They walked for several weeks. It was summertime; they fed themselves with greens from the fields. They gathered wood, made a fire and roasted potatoes.

They arrived in Brussels with swollen feet. There, too, they were threatened with arrest and being deported every day. However, this did not stop them from carrying out their work.

Leon was a little taller than average, broad boned, in his 30s. The look in his eyes was of calm goodness. On his earnest face with its pointed jaw, with his strong flattened nose and with his wrinkled brow lay his firm determined character. He was not a big talker but the words he did say were reasonably thought through and consistent.

 


Leon the shoemaker (Inzelsztajn) (the first one from the left in Brussels, Belgium) with a group of comrades

 

When the Civil War in Spain broke out in 1936 he was one of the very first to go to fight against Fascism. He distinguished himself greatly and fell in battle.

Faygele Berliner was no less interesting. The first time I entered her small room under a roof with the bent walls made an unforgettable impression on me. The only little window lay in the ceiling and looked straight into the sky. The cleanliness shone from every corner. The walls were decorated with small and large pictures. There was a cabinet in a corner on which stood amateurish knick-knacks. Faygele was just finishing her dinner. Her face appeared delicate and full of love of the world in the light from a small lamp.

Her pitch-dark hair was divided in the middle by a part; on the sides lay still, docile waves like in a calm river.
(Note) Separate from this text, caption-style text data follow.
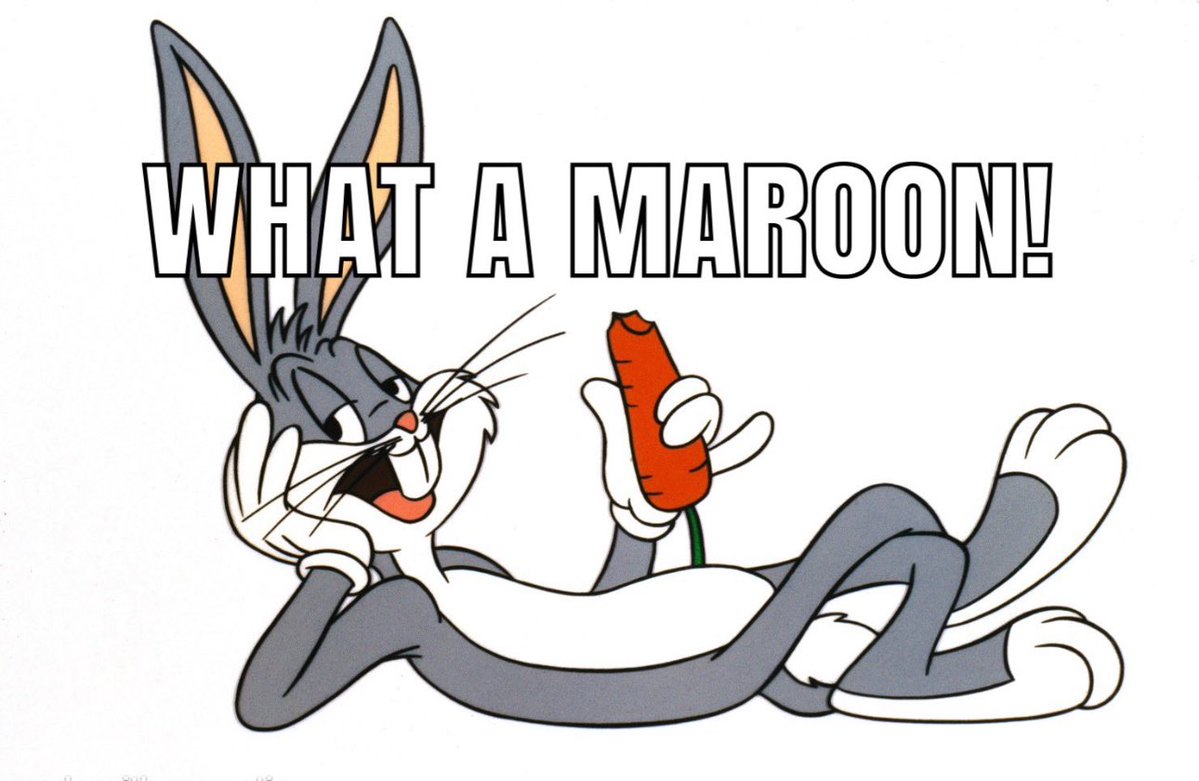 AngelArs tweet media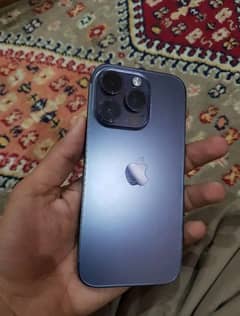 iphone 14 pro 128 gb factory unlock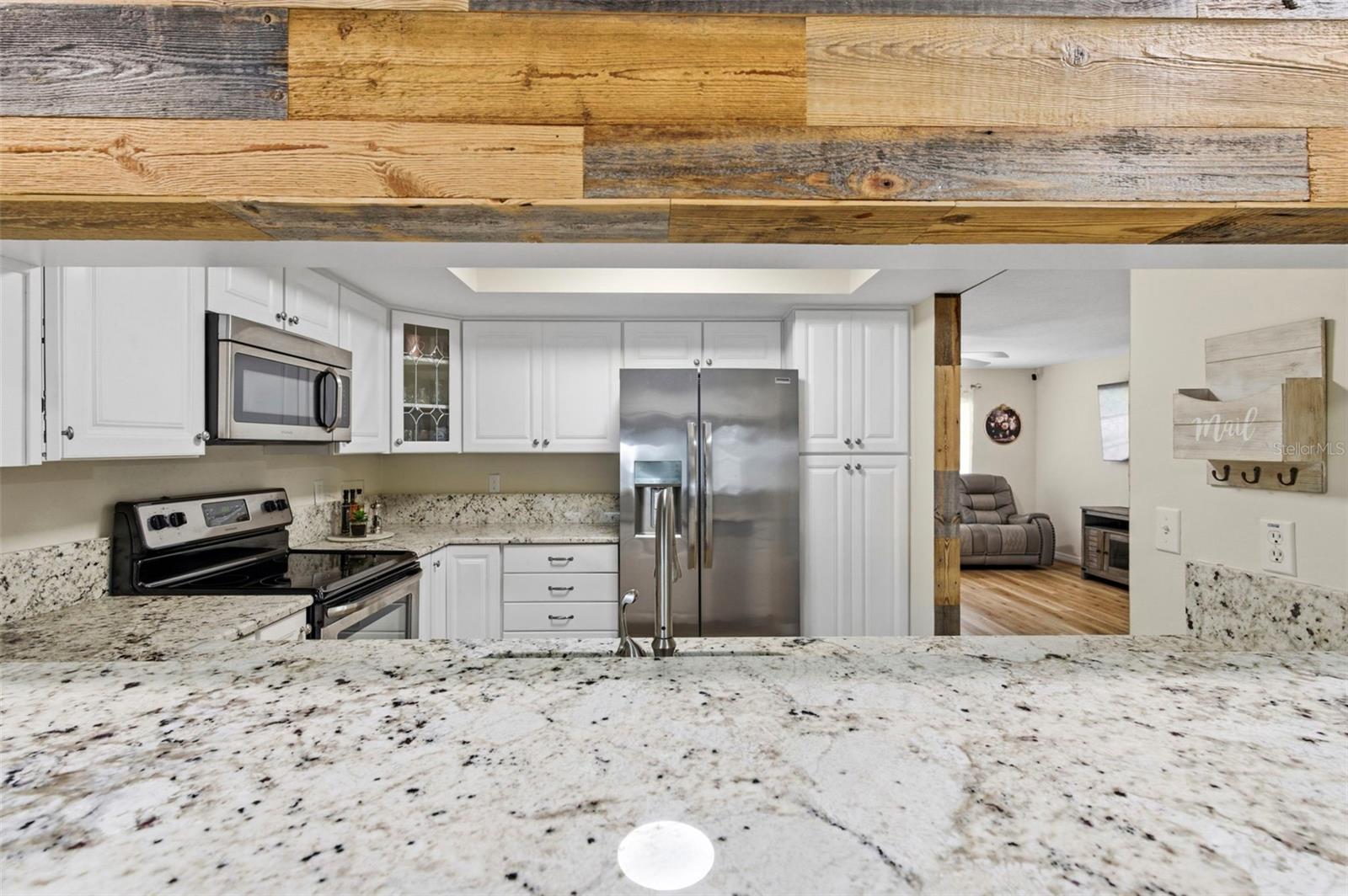 Image 24 of 72 For 3022 Jackson Drive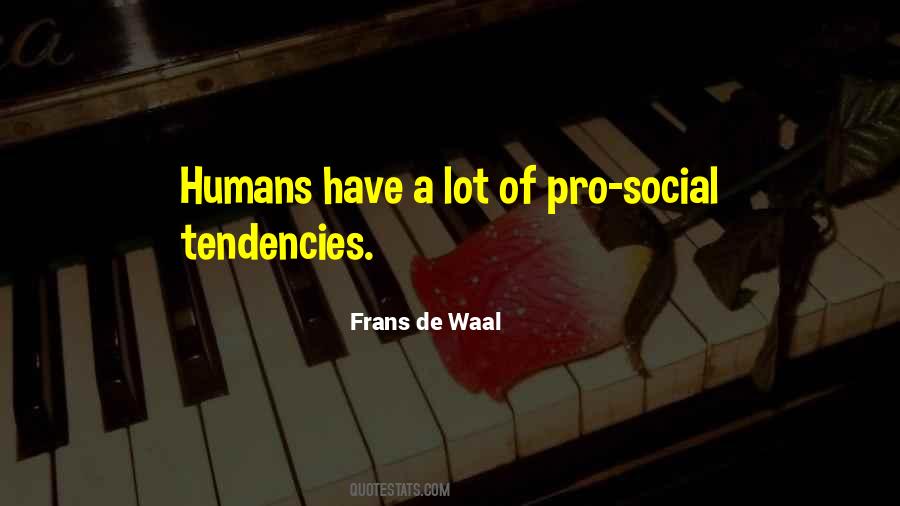 Quotes About Waal #900100
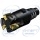 R390-022EH20-11M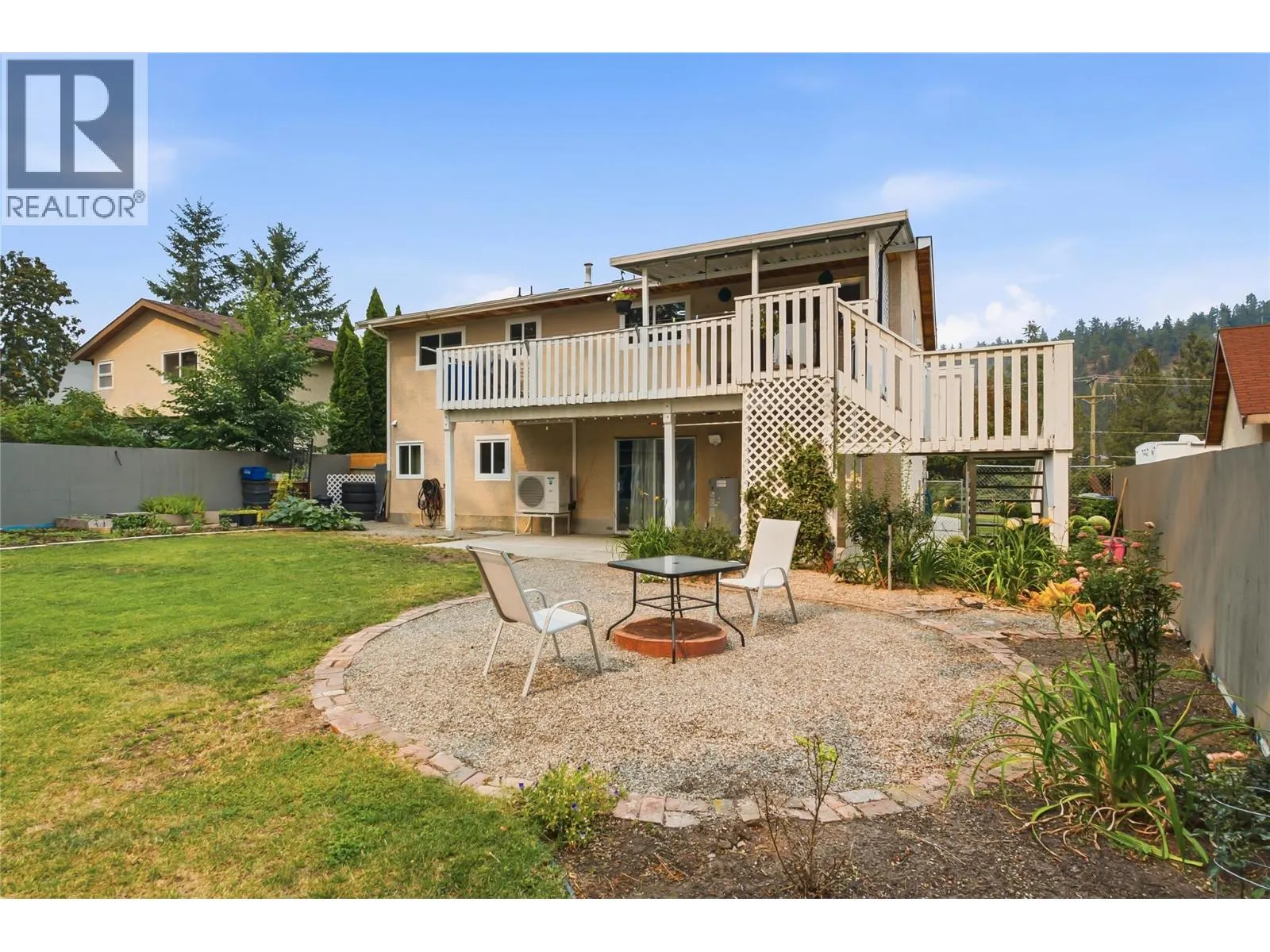 3140 Coventry Crescent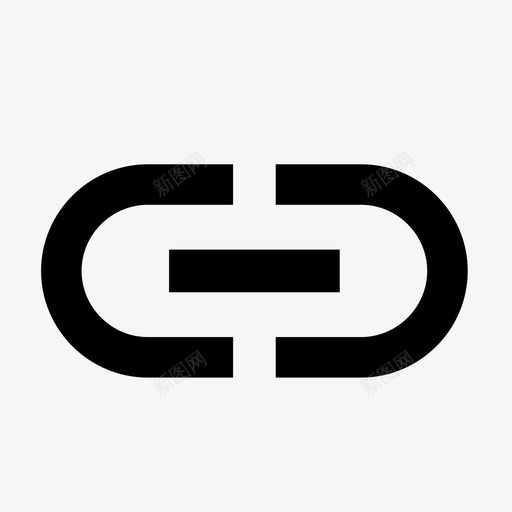 svg图标-04svg_新图网 https://ixintu.com svg图标-04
Her cheeks – like red blossoms. There was a deep goodness in her charming eyes and there was a dear smile on her lips.

She did not expect anyone that evening, but how beautifully and exact she had set the table for herself! A plate with a piece of cheese, a glass butter dish with butter, a flowered serving dish of sardines and a salt-box stood on a clean, pressed colored tablecloth. A piece of bread lay in a pretty, wicker basket. On the side lay a napkin of the same color as the tablecloth. A small vase of flowers stood in the middle of the table. Her patience and care in beautifying and preparing the table for herself alone evoked [my] delight and admiration of her.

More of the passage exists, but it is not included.